You can use the string library to help here. See the below script using your test_dict:

#https://stackoverflow.com/a/51359690
from string import Formatter

class NoneAsEmptyFormatter(Formatter):
    def get_value(self, key, args, kwargs):
        v = super().get_value(key, args, kwargs)
        return ' ' if v is None else v

fmt = NoneAsEmptyFormatter()

test_dict = { 1: "a", 2: "b"}

test_str = fmt.format('{} {} {}', test_dict.get(1), test_dict.get(2), test_dict.get(3))

print(test_str)

We build a quick NoneAsEmptyFormatter class and use that to format the strings in coming from the dict.

2 Comments

Yes I'm aware of why it's causing None. I'm wondering how I can change my template string though, so it returns an empty string instead of None in the event that the key does not exist.
Editing post now per OP's comments after my original post answered the first version of the question (for whoever carelessly downvoted)
1

Re your comment,

Now that you mention the extra space though, is there a way to remove the placeholder completely if key doesn't exist?

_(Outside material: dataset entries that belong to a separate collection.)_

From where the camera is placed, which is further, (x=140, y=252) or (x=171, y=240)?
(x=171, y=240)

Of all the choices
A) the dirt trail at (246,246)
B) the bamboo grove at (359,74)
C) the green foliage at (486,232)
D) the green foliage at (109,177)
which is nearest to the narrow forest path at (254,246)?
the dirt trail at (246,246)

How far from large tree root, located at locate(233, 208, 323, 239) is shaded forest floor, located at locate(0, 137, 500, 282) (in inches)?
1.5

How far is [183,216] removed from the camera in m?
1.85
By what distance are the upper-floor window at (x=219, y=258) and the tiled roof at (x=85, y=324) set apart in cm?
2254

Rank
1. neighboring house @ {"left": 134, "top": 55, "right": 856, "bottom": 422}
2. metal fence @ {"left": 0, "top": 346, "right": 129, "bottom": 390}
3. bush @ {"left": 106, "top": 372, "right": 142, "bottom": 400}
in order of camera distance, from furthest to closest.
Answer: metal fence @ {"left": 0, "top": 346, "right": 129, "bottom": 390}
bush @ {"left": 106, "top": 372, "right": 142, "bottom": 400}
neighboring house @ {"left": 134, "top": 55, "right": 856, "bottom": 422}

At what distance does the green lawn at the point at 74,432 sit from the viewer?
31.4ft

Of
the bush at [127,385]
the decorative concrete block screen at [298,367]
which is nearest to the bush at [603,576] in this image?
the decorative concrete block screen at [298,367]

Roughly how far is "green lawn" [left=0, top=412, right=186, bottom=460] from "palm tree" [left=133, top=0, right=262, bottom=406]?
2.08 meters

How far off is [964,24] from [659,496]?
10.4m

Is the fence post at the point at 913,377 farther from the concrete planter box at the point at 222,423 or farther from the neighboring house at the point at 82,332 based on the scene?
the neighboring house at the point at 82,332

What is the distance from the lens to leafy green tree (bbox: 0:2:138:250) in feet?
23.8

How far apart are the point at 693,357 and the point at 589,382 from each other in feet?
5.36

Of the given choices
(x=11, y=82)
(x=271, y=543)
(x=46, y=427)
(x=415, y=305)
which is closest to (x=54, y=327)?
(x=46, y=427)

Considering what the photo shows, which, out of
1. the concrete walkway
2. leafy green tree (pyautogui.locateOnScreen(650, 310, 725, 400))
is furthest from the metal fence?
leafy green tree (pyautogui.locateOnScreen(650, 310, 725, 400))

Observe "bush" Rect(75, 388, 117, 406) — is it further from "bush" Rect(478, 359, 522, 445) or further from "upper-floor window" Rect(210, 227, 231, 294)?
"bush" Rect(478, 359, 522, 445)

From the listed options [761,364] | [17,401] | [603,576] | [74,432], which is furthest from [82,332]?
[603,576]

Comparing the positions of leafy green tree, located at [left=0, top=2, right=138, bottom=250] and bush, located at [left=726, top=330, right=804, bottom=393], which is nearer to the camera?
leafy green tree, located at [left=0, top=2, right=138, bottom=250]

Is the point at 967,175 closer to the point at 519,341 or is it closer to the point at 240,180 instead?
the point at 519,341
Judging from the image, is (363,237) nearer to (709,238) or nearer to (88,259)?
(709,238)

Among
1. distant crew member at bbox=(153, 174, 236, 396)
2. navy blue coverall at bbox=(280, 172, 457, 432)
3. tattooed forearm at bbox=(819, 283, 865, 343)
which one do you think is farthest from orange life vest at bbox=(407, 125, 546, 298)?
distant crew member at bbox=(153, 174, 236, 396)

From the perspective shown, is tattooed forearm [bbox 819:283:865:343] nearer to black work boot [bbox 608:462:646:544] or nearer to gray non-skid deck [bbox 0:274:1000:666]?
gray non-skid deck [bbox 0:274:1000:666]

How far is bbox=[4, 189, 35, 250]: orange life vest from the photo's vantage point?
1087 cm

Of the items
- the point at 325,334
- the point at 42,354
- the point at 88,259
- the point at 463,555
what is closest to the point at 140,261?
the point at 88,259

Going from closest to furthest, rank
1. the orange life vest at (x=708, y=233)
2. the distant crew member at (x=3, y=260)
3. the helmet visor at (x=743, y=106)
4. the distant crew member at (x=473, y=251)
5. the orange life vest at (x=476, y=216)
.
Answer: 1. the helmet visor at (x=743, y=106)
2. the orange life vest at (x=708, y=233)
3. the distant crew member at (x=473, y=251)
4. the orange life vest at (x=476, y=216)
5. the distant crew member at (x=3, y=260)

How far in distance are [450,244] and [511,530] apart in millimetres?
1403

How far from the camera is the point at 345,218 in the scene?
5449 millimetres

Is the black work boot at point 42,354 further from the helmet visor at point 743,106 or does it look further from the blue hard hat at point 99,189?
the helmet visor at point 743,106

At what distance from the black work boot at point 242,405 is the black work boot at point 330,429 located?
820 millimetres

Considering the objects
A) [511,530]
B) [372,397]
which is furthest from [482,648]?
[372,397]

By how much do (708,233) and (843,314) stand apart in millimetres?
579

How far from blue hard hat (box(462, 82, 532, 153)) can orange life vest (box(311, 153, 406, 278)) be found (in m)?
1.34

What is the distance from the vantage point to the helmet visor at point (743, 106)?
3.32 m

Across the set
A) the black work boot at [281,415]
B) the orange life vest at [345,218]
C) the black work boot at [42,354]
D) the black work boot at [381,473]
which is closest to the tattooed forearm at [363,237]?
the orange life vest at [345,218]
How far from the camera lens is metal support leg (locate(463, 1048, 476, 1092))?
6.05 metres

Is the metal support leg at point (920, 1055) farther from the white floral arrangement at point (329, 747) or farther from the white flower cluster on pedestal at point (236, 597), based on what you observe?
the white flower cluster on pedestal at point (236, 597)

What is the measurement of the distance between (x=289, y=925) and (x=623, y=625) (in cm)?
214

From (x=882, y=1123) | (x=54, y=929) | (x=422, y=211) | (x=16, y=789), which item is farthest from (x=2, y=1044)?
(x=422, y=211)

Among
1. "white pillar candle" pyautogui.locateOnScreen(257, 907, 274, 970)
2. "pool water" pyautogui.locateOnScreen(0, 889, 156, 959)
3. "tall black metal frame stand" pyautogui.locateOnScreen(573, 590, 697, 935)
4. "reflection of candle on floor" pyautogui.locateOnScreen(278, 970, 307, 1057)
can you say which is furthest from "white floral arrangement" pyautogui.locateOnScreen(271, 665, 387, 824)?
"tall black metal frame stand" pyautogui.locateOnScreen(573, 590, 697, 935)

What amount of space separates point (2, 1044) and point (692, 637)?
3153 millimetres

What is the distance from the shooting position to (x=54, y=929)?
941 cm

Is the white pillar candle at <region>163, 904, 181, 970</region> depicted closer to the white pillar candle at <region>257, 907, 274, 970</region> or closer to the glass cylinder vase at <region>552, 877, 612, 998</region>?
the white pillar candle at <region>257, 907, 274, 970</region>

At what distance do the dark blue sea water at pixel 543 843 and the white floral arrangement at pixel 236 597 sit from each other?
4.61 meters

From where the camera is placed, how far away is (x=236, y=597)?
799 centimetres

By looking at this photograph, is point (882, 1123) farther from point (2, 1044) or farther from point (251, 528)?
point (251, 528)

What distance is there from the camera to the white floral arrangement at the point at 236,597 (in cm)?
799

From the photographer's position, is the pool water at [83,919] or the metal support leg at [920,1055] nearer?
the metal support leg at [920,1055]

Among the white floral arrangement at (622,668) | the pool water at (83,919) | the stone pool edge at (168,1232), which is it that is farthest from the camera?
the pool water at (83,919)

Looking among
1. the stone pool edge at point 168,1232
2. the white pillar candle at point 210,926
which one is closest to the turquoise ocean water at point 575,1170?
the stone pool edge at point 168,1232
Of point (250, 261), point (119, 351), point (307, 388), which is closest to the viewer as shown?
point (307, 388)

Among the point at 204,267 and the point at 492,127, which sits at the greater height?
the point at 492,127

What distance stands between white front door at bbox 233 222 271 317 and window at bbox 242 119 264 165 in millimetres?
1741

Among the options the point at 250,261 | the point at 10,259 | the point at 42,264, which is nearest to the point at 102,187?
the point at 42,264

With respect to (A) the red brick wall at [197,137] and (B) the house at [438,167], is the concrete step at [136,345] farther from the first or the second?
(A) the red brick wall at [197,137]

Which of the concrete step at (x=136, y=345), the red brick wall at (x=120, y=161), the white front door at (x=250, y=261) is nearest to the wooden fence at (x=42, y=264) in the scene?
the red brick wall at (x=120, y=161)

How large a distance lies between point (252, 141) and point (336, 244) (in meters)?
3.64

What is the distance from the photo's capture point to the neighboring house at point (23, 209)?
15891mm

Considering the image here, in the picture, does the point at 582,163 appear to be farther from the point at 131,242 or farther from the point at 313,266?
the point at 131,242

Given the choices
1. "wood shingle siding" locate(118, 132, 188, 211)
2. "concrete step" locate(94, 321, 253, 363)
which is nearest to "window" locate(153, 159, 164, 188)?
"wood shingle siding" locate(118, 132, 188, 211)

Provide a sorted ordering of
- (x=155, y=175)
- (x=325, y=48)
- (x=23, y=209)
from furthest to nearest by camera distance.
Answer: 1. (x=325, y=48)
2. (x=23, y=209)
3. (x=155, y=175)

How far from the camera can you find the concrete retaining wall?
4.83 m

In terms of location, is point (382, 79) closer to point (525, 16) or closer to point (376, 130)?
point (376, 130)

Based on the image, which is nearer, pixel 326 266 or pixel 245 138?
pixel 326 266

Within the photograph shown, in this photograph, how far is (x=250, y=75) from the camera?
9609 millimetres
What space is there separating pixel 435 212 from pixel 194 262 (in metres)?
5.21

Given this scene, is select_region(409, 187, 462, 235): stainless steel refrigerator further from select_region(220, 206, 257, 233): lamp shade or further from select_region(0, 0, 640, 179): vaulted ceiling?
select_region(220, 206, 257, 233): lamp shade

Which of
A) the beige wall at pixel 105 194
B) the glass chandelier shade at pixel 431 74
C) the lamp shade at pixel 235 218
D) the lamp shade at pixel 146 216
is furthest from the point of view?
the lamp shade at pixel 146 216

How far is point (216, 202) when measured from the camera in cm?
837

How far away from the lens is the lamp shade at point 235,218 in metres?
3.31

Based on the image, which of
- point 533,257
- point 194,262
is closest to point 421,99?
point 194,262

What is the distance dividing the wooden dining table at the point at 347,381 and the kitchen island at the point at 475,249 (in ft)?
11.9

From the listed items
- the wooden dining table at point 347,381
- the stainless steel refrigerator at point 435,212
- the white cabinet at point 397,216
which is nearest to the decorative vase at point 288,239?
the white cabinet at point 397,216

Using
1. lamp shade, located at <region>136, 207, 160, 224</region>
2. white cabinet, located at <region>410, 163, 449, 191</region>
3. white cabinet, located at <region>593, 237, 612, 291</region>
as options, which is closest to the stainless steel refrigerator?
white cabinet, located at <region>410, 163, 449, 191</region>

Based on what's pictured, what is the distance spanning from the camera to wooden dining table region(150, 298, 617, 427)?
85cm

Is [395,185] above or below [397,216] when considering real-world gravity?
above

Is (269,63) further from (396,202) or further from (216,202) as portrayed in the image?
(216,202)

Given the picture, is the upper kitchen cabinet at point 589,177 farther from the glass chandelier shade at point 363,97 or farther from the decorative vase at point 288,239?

Yes, this is possible. Just make a list of values, filter out any Nones, then join the result:

In [3]: values = map(test_dict.get, [1, 2, 3])

In [4]: ' '.join(v for v in values if v is not None)
Out[4]: 'a b'

Or if order is not important, or if you're using Python 3.7+ and you want to preserve insertion order, you can skip some steps:

In [5]: ' '.join(test_dict.values())
Out[5]: 'a b'

2 Comments

Appreciate the help, but unfortunately in my case, the order is important.
@doctopus Oh, option 1 preserves order. Option 2 might not.